Another piece of (technically) slush was a proposal for romance novels for the elderly set. I thought this idea was great. Written by a woman in her eighties (!), this series of novels would be about finding love – again. As an old person. Old women have time on their hands – tons of it – and what they often choose to do with this plethora of time is read – romance novels. But I’m sure they’d enjoy a romance novel about someone in their own shoes. However, the author chose to name the series something like “Never Too Old” or “Young Enough” or something equally condescending. In my New Jersey town, there is a nursing home that runs a pick-up and drop-off service for the people attending only during the day. The bus they use for this is plastered all over with the name of the nursing home – Young at Heart. Personally, I would not want one of those white-haired heads bouncing up and down in that bus’s windows to be mine. I might as well wear a sign that says, “Hey, everybody, look at me! I’m old and obsolete riding on a short bus!” It would make me feel like a child or an invalid. How embarrassing! The series names the author picked reminded me of exactly this situation. A person reading a book that said in bold on the front, “Never Too Old…” might as well wear a sign that says, “Hey, everybody, look at me! I’m too old for real romance, so they made this to pacify me!”

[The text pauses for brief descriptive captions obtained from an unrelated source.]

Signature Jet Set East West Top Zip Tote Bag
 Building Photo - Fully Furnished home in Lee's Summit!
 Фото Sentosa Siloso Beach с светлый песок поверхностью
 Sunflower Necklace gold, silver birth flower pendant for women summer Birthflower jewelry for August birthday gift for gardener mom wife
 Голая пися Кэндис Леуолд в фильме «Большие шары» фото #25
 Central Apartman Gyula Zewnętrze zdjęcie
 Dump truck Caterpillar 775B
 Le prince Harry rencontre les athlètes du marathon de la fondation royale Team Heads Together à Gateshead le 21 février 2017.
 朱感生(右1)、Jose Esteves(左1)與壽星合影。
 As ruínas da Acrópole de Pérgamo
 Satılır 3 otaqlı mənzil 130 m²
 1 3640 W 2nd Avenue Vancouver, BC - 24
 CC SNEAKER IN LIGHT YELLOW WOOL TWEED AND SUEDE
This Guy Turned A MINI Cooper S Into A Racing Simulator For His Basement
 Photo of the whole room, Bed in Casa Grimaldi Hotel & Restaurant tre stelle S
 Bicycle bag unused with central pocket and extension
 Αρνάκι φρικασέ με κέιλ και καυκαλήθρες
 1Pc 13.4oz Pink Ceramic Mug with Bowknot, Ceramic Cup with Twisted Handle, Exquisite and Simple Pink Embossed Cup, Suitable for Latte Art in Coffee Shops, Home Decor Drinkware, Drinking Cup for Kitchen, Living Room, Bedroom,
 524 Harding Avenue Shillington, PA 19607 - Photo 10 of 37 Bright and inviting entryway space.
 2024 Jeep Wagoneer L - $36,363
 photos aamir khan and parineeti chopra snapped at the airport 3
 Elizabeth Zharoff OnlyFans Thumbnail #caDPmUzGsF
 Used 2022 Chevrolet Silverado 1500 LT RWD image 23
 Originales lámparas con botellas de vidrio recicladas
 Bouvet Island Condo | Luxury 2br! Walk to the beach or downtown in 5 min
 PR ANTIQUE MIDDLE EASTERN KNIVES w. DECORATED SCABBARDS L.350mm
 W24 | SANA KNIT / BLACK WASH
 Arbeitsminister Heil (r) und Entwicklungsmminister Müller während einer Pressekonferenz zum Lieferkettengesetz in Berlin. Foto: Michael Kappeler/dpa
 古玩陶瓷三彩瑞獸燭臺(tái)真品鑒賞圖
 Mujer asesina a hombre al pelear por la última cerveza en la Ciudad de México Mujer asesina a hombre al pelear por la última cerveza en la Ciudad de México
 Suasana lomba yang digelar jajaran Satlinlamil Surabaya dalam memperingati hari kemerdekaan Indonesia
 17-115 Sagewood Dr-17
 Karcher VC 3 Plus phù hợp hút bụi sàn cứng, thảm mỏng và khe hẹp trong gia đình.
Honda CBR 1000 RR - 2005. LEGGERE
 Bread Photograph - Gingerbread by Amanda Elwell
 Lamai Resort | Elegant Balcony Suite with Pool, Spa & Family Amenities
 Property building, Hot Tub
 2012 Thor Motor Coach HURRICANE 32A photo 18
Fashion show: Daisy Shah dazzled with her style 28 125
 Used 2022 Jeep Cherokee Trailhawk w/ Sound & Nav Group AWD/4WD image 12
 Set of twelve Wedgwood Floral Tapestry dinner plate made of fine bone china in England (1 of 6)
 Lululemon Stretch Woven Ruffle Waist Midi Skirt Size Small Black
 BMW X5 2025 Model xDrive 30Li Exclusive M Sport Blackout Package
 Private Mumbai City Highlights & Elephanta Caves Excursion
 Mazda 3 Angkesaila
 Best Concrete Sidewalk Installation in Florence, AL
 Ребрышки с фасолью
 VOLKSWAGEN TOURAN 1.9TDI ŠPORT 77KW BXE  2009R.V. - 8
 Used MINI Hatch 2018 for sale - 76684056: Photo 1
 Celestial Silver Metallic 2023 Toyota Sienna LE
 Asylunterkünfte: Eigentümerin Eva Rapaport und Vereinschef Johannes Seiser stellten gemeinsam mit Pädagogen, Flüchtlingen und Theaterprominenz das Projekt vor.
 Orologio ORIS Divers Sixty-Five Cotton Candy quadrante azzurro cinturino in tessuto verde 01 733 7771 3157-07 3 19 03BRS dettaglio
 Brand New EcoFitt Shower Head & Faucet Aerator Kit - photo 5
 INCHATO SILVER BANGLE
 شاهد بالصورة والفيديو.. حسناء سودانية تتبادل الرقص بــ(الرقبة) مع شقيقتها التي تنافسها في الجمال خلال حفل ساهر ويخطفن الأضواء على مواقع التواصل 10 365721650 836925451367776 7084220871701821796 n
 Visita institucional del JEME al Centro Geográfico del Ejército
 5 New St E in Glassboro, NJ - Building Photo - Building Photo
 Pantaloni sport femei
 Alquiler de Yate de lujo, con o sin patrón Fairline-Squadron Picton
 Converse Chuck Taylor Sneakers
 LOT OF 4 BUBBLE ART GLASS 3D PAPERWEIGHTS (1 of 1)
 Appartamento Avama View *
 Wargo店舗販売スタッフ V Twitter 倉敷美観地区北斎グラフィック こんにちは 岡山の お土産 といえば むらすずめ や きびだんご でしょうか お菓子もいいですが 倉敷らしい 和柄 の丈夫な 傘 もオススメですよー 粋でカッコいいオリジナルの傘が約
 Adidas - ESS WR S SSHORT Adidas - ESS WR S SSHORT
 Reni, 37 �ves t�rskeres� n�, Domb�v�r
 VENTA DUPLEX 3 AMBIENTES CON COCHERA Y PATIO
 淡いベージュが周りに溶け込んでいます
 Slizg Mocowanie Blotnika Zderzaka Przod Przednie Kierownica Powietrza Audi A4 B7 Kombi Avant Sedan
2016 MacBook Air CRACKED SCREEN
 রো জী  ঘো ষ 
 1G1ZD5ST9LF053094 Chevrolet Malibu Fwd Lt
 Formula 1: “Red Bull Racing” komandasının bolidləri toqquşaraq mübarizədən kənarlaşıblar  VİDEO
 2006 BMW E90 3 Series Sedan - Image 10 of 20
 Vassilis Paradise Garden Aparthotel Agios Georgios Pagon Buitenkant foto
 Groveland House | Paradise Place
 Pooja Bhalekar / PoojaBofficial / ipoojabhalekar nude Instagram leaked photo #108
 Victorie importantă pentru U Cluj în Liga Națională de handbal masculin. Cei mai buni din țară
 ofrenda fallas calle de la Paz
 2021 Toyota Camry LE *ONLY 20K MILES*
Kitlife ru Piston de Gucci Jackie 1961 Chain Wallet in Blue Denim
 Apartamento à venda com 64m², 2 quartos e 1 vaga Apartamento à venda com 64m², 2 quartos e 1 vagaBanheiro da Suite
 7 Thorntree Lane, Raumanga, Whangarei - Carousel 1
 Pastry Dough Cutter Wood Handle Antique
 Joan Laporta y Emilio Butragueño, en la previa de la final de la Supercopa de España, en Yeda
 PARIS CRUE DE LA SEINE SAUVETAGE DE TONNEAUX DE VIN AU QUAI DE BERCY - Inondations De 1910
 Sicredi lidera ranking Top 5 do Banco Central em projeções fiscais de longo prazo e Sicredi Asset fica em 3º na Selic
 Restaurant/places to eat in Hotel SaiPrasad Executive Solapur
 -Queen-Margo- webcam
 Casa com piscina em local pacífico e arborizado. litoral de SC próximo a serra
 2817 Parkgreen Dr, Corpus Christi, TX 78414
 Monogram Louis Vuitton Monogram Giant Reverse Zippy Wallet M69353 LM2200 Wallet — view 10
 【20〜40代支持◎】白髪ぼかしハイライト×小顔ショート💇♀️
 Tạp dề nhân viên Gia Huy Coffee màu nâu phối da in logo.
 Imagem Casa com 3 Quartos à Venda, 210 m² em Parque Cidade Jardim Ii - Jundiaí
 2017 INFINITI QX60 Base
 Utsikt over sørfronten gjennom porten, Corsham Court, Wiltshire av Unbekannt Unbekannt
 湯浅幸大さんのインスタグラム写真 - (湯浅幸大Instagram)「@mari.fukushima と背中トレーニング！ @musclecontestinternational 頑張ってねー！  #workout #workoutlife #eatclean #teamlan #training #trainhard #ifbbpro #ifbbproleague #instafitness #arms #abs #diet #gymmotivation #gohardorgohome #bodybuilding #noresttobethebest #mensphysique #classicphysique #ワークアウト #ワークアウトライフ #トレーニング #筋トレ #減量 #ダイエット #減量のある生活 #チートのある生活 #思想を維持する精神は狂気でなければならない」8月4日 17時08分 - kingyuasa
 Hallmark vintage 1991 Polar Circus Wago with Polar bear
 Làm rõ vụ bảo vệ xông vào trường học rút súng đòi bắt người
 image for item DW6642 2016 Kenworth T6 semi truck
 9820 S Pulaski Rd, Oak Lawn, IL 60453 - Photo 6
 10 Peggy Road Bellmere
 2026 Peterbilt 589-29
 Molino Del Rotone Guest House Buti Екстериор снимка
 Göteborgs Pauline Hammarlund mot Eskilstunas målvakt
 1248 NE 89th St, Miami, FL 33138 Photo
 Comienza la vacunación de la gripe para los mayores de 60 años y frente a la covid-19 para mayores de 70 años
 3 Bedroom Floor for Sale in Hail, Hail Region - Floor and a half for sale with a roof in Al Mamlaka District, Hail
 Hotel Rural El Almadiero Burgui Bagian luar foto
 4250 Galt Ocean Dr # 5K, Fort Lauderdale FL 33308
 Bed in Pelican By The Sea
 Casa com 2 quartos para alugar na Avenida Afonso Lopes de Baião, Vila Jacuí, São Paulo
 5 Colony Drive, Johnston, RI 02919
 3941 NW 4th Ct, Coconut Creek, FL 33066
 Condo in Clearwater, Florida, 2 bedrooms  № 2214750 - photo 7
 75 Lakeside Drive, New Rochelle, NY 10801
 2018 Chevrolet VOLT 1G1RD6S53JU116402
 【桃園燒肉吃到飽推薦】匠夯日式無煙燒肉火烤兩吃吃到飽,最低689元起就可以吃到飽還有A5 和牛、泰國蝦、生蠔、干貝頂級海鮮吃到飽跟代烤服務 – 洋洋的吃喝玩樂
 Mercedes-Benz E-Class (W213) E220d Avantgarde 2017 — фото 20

I thought it needed to be a series without a name. Just a bunch of romance novels that were marketed in places where the elderly would see the ads. The author was an elderly person, so maybe she had a better handle on how to market to her own group, but I felt that no older person would want to read something that was pretty much engineered for them. Much like most teens don’t want to read “teen fiction” which is often read by kids much younger than their teens.
I wanted to see a sample chapter because I felt that the whole idea was pivotal on the author’s ability to write, not just think up a good idea. I let the assistant editor know this and my ideas about the name, but I never heard another word, so I assume this proposal ended up where the previous one did – in publishing ether. I don’t know if there is such a thing, I’m just saying I never saw it again.
The third and last proposal that has caught my eye did so because of the author’s actual ability to write. I was amazed, reading his sample chapter, that he could string sentences along like that! And from the Slush Pile! It was a crime thriller, not unlike C.S.I, and I thought it was pretty good. Not good enough, apparently, because I never heard boo about that one either.
The Slush Pile has now disappeared. It will fill up again, and it’ll disappear again as long as there is an intern to hack through it. I wonder what aspiring authors would say if they knew that the person deciding their fate, deciding whether or not their book actually crosses an editor’s desk, is just an intern with no experience whatsoever?
I don’t believe publishing houses are nasty or mean exactly in their choosing of who gets published and who does not, but most are in this game to win. They want to collect on an idea, not just marvel at how unique it is. Although, when an editor gets to enjoy both is a happy, happy day. Publishing people are still book worms. They love a good book, one with dense, three-dimensional characters and unique plot twists. But if that book they love so much won’t sell much to the general public, a good editor knows when to say no. And a good editor knows when to pick up that very salable but immature book and sing its praises. Because, at the end of the day, we all want to go home and eat dinner. Not live in a cardboard box, sleeping under the manuscript pages of a really great book we can’t sell.